Fakat, Yeşil Mutabakat’ın temel direği sayılabilecek enerji dönüşümü ve üzerine inşa edilen ekonomik ve sosyal politikalar ciddi risk altında. Önce Covid-19 pandemisi sonra Ukrayna-Rusya Krizi, Yeşil Mutabakat’a yönelik eleştirilerin ortaya çıkmasına neden oldu. Bu eleştiriler öncelikle Yeşil Taksonomi ile gündeme geldi. Zira, bu eleştiriler sağlam dayanak noktalarına sahipler. Nükleer enerji ve doğalgaz yatırımlarının yeşil etiket alması ve AB’nin geçiş sürecinde bunları meşru kaynaklar olarak görmesi oldukça tepki topladı. Bu alanlara yatırımların devam etmesi, yenilenebilir enerji kaynaklarına olan ilginin azalmasına ve geçiş sürecinin olumsuz yönde etkilenmesine yol açacak görüşü hâkim.

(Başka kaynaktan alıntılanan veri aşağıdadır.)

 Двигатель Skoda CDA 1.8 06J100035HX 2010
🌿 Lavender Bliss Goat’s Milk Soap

2050 karbon nötr dünya tahayyülleri, geçiş sürecinde fosil yakıt kullanımının zirve yaptığı bir dönemi öngörebiliyordu. Her ne kadar münferit olarak devletler ve uluslararası örgütler çeşitli planlar ve katkı beyanları sunsa da Glasgow’da yapılan COP26 toplantısı, karbonsuzlaştırma politikalarının uyumsuzluğunu gözler önüne serdi. Gelişmiş ülkelerin kalkınmalarını tamamlaması ve geçiş sürecini finanse edebilmesi, gelişmekte olan ülkeler tarafından iki yüzlülükle suçlanmış, “merdiveni itme” olarak tanımlanmıştı. Ayrıca, iklim krizinden ilk ve doğrudan etkilenecek ada ülkeleri protestolarını dile getirmişti.

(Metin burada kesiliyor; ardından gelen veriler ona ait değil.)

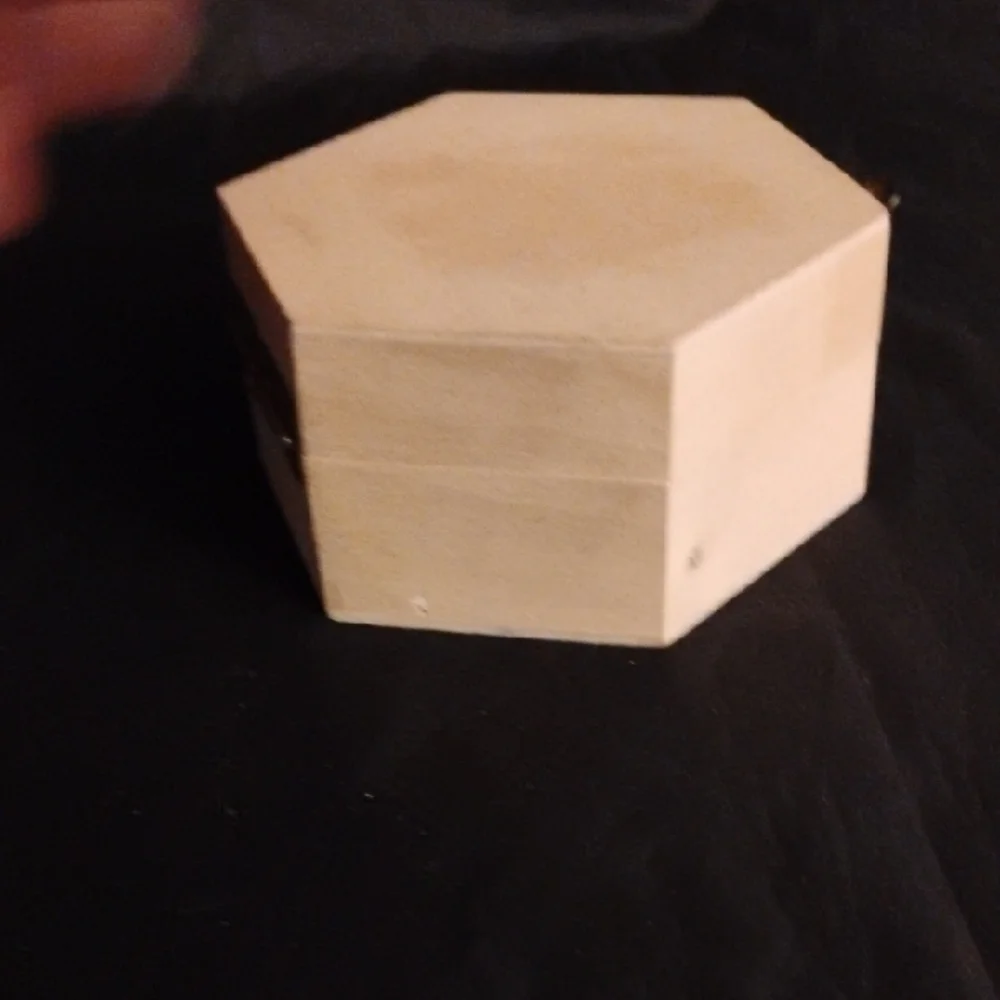Hexagonal Wooden Trinket Box ((FREE with Jewelry Purchase)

Mısır’da düzenlenecek COP27’de ise bu sefer, orta ölçekli ekonomilerin diplomatik zemini kızıştıracağı ve görüşmelerde söz sahibi olacağı bekleniyor. Böylece, bir tür diplomatik çaresizliğin içinde kalan iklim politikaları, enerji krizi ile karşılaştığında rotasını pragmatik ama sürdürülebilirlikten uzak bir noktaya çeviriyor. Fakat, bu süreci devam ettirecek olan uluslararası aktörler, politik ekonomi açısından da önemli bir konuma sahip olacak. Çünkü, fosil kaynaklara dayalı olan geleneksel üretim yöntemleri artık terk ediliyor ve hatta sınırda karbon düzenleme mekanizması gibi önlemlerle cezalandırılıyor. Yani öyle ya da böyle iklim politikaları bir dengeye oturacak ve diplomaside bir anahtar görevi görecek.

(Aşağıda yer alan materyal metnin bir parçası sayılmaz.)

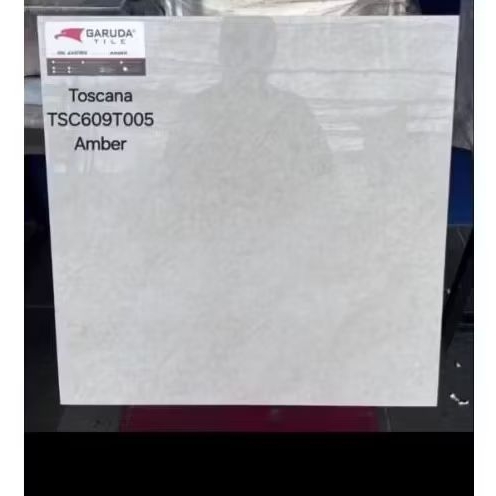 Granit lantai Glossy 60x60 Amber Toscana - Garuda tile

İklim politikalarının mevcut krizlerden korunması ve 2050 karbon nötr ile 1,5 derece hedeflerine ulaşılabilmesi hâlâ mümkün. Bu noktada önemli olan, ısrarlı bir şekilde programa bağlı kalmak olacaktır. Avrupa Birliği, Yeşil Mutabakat’ı yalnızca çevre duyarlılığı sebebiyle planlamadı; sürdürülebilir bir enerji ve ekonomi düzeni tesis etmek en önemli parçalardan biriydi. Rusya ile gerilen ilişkiler sebebiyle Avrupa’yı sert bir kış bekliyor. Halihazırda ciddi tasarruf önlemleri alındı ve enerji tüketiminde önemli miktarlarda düşüş görülüyor. Buna ek olarak çeşitli sektörlerdeki sanayi kuruluşları, artan enerji maliyetlerinden dolayı üretimi azalttığına ya da tamamen durdurduğuna dair açıklamalar yapıyor. İşte bu yüzden Yeşil Mutabakat gibi yeni nesil sürdürülebilir sistemlere sahip olmak, hem enerji bağımsızlığını sağlayacak hem de uzun vadede maliyetleri de düşürecektir. Sonuç olarak, AB’nin enerji krizini aşması mümkün ve bu krizi aşacaktır. Fakat Yeşil Mutabakat’ı zedelemeden bunu yapması, ona ayrıca politik bir avantaj da sağlayacaktır.